No. 268 Squadron RAF was a Second World War Royal Air Force squadron that operated the North American Mustang on missions over occupied Europe and in support of the D-Day landings.

History

First World War

No.268 Squadron Royal Air Force was originally formed at Kalafrana, Malta in August 1918 as an Anti Submarine Warfare patrol unit flying Sopwith Baby, Shorts 184 and 320 float planes and Felixstowe F.3 flying boats.  The squadron parented in October 1918, 433 and 434 (Seaplane) Flights, which were also based at Kalafrana and used Short 184 seaplanes.  After a short period of service as independent entities, these two flights were absorbed back into No.268 Squadron in March 1919.  The squadron patrolled the Mediterranean surrounding Malta and had only one recorded combat action, an unsuccessful attack on a U-Boat on 14 November 1918.  It was disbanded on 11 October 1919.  The Squadron Commanding Officer Officer was Major A M Cave.

Second World War
The squadron number was reactivated in April 1939, but no action was taken to reform the squadron until late in 1940.  No. 268 Squadron was reformed at Westley Aerodrome near Bury St Edmunds in England on 30 September 1940 as an Army Co-operation Command squadron, flying Westland Lysander Mk.II, de Havilland Tiger Moth and Miles Magister aircraft.  The squadron was formed by merging ‘A’ Flight of No. II(AC) Squadron RAF with ‘B’ Flight of No. 26 Squadron RAF.  The first Commanding Officer of the reformed squadron was Squadron Leader P. De G H Seymour, soon after promoted to the rank of wing commander. The initial task for the squadron was the conduct of anti-invasion patrols along the coast of Southern England, and reconnaissance of potential invasion sites within the UK. The squadron also had a secondary role in providing elementary pilot training for enlisted Army personnel who had been selected for training as glider pilots.
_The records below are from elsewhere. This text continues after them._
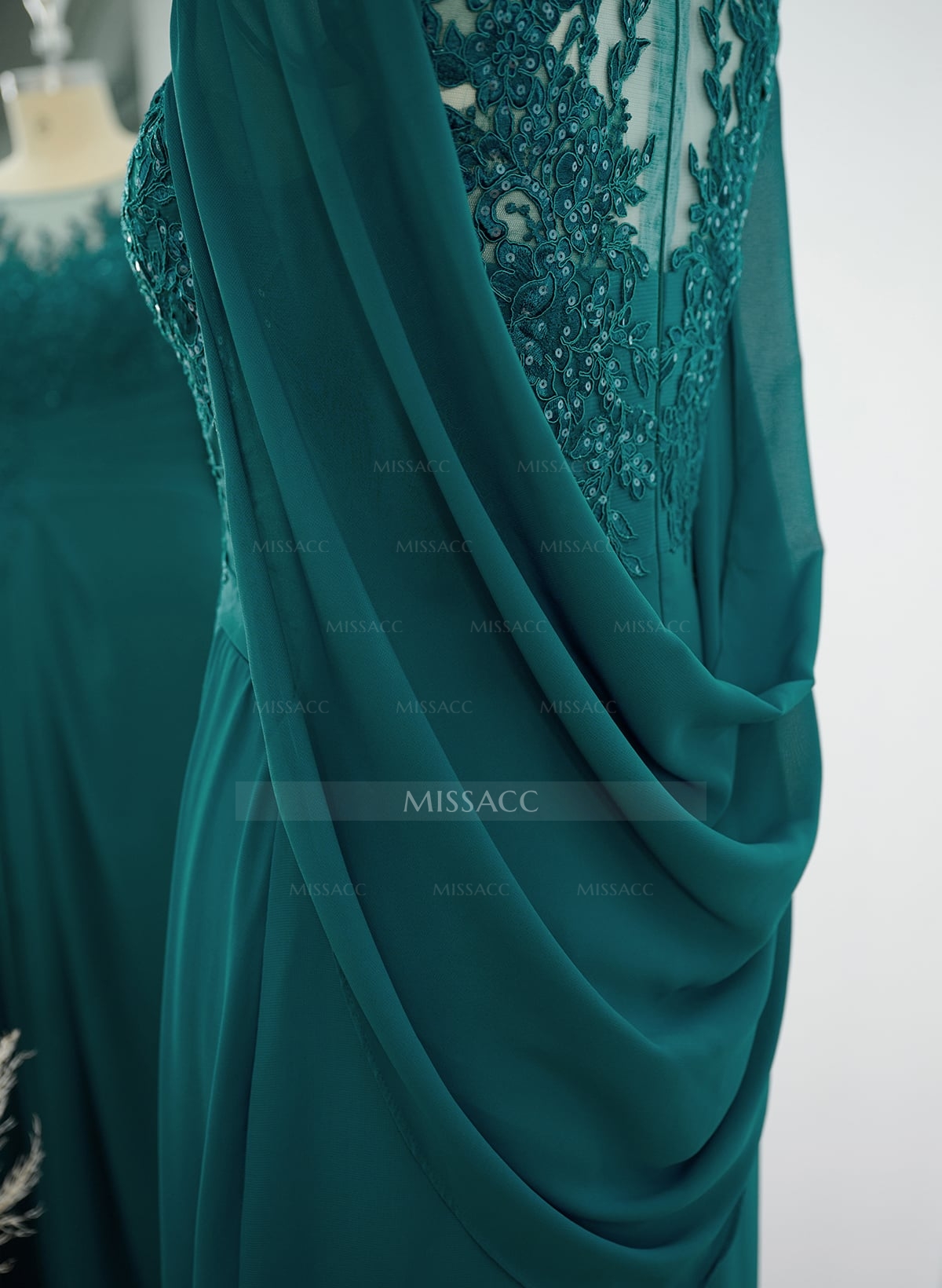 A-Line Illusion Neck Chiffon Mother Of The Bride Dresses With Appliques Lace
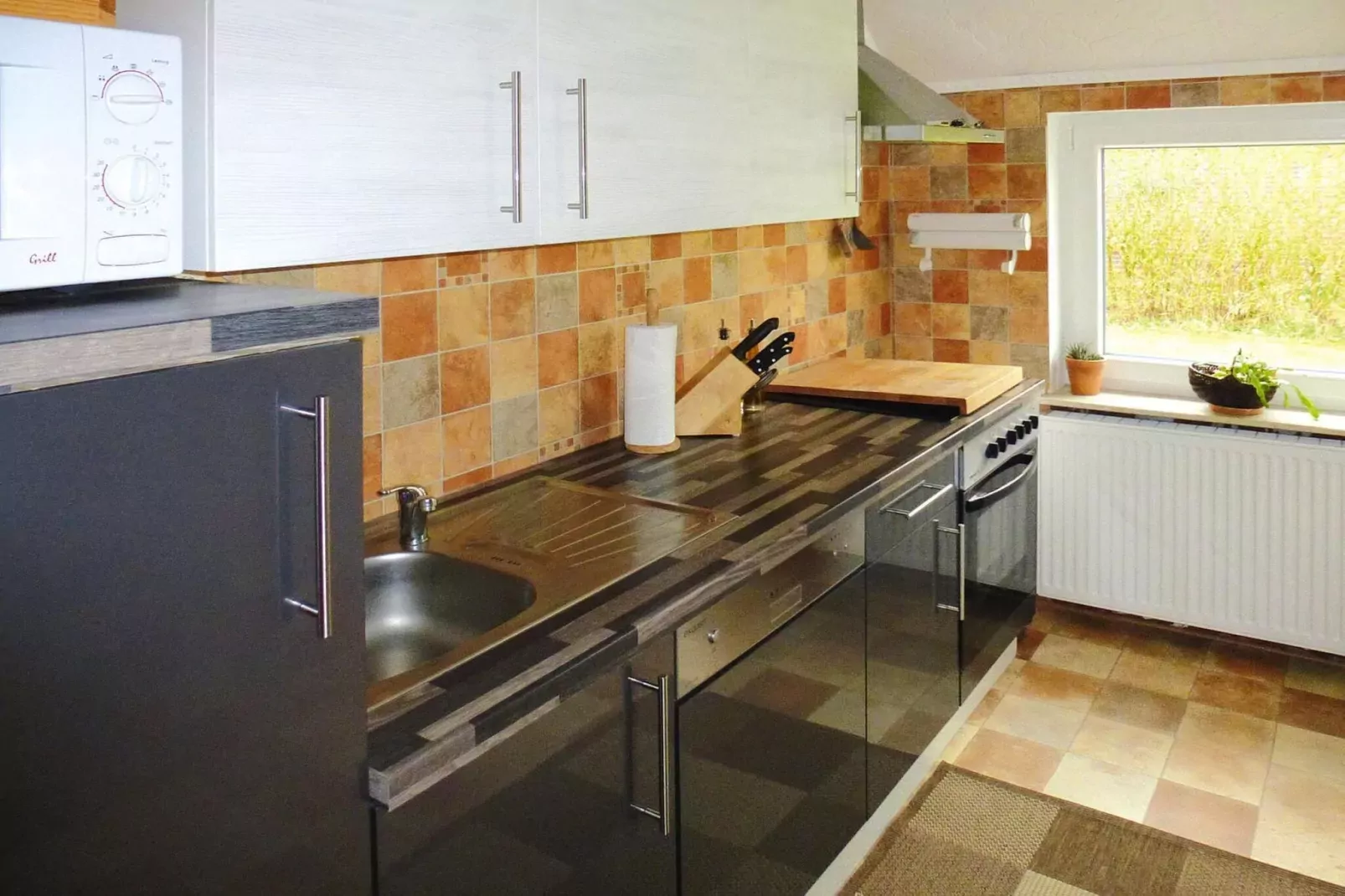 Ferienhaus mit großem Grundstück in Friederikensiel-Cuisine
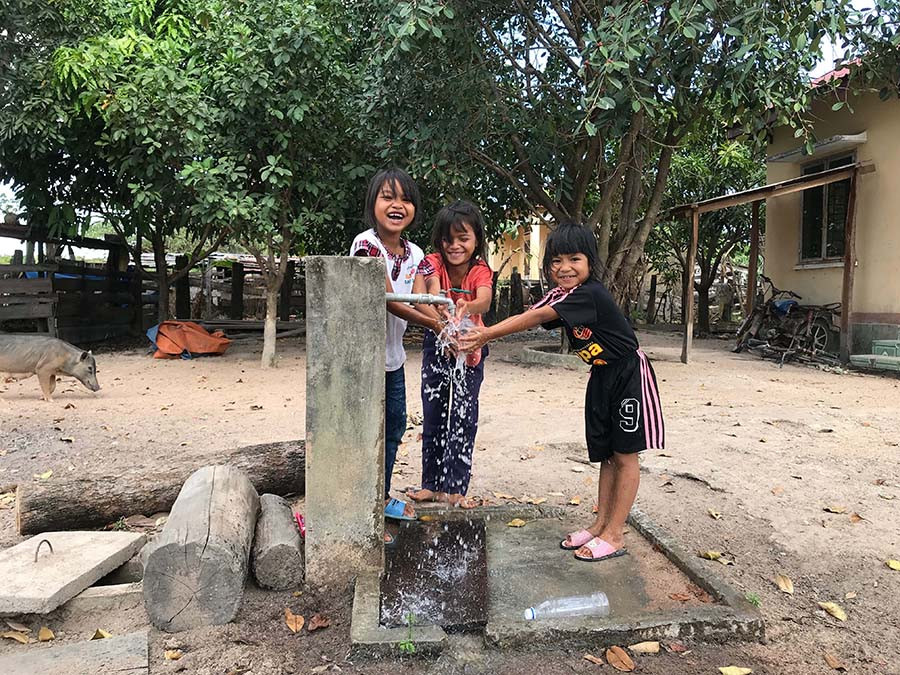Các em bé làng Hnap vui đùa bên trụ dẫn nước từ công trình giếng khoan. Ảnh: P.V  Các em bé làng Hnap vui đùa bên trụ dẫn nước từ công trình giếng khoan. Ảnh: P.V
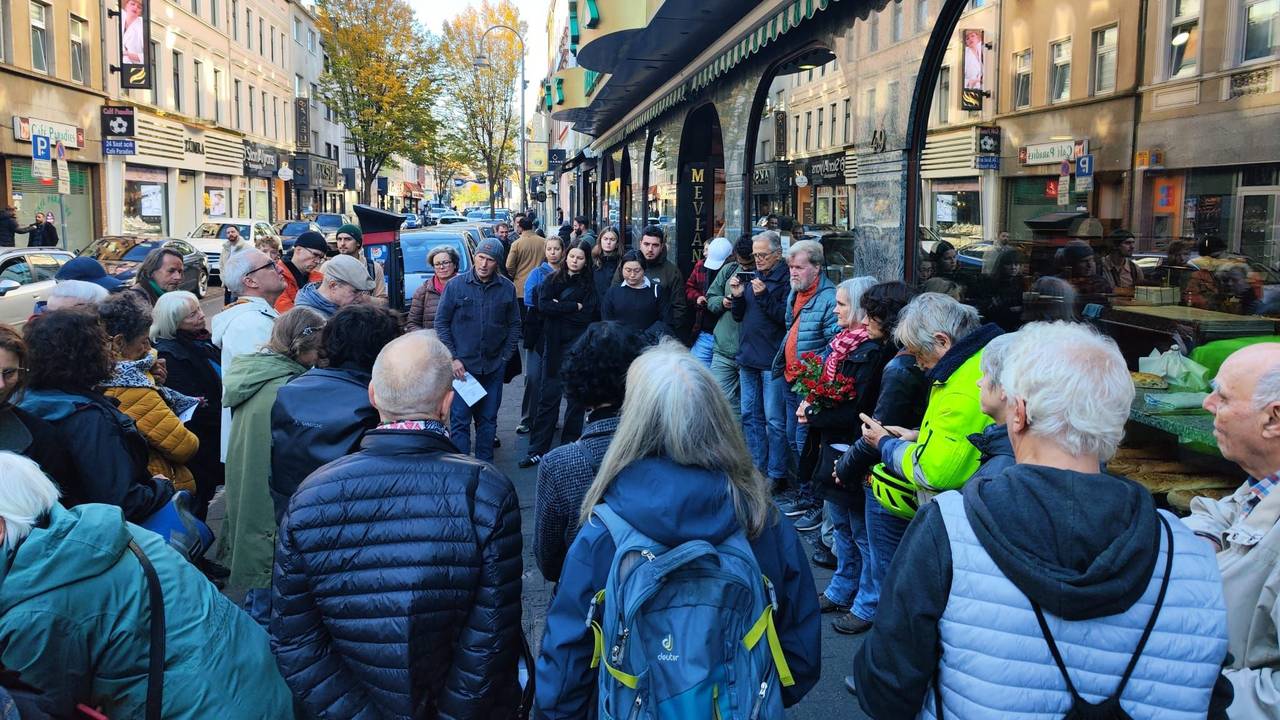 Viele Menschen auf der Kölner Keupstraße stehen zusammen.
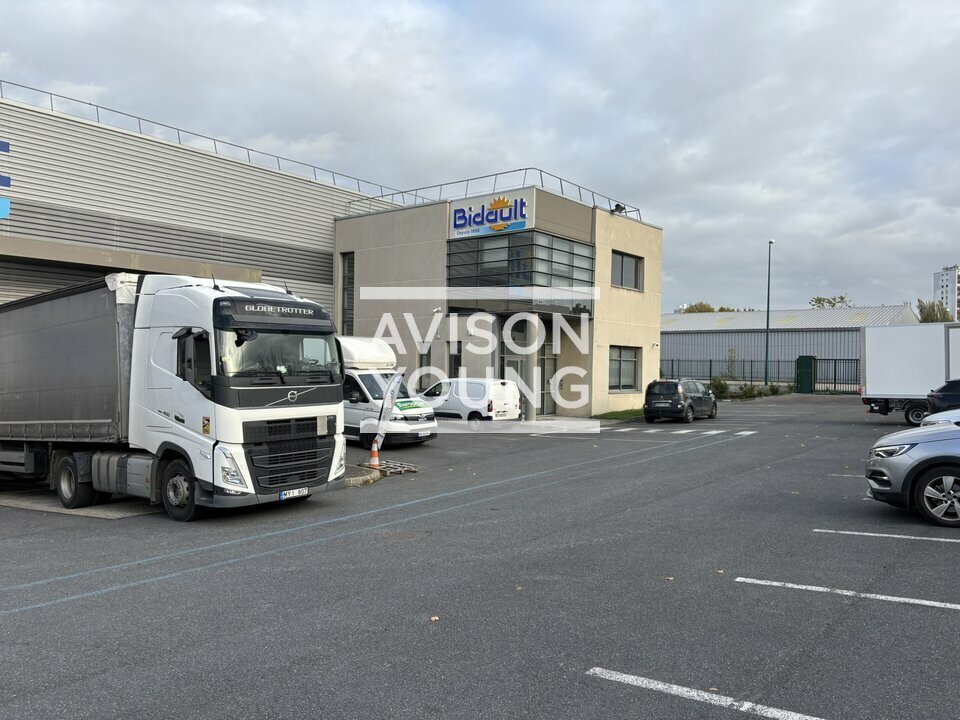 AVISON YOUNG LOCATION-LOCAL D'ACTIVITE-GENNEVILLIERS-92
In May 1941, then under the command of Wing Commander A F Anderson DFC, the squadron started to re-equip with Curtiss P-40 Tomahawk aircraft, although it did retain a number of Westland Lysander aircraft for some months after re-equipment commenced. During this time, the squadron re-located to RAF Snailwell in Cambridgeshire.  After being declared operational on the new aircraft, the squadron commenced support for Army training exercises and undertook shipping patrols in the English Channel and North Sea, primarily along the coast of northern France, Belgium and the Netherlands.  This was combined with an ongoing training programme for both aircrew and ground crew of the squadron.

In April 1942 the Squadron commenced re-equipment again, this time to the North American Mustang Mk.I aircraft.  A limited number of Curtiss P-40 Tomahawks were retained until mid-1943 for non-operational use as they were fitted with either vertical or oblique reconnaissance cameras, and until the newly arrived Mustangs were similarly fitted, the Tomahawks were used for training and in exercises where reconnaissance photography was required.  On 15 June 1942, a number of pilots and the majority of the remaining Curtiss Tomahawk aircraft still with the squadron were transferred from the squadron to form the cadre of the newly formed No. 168 Squadron RAF.  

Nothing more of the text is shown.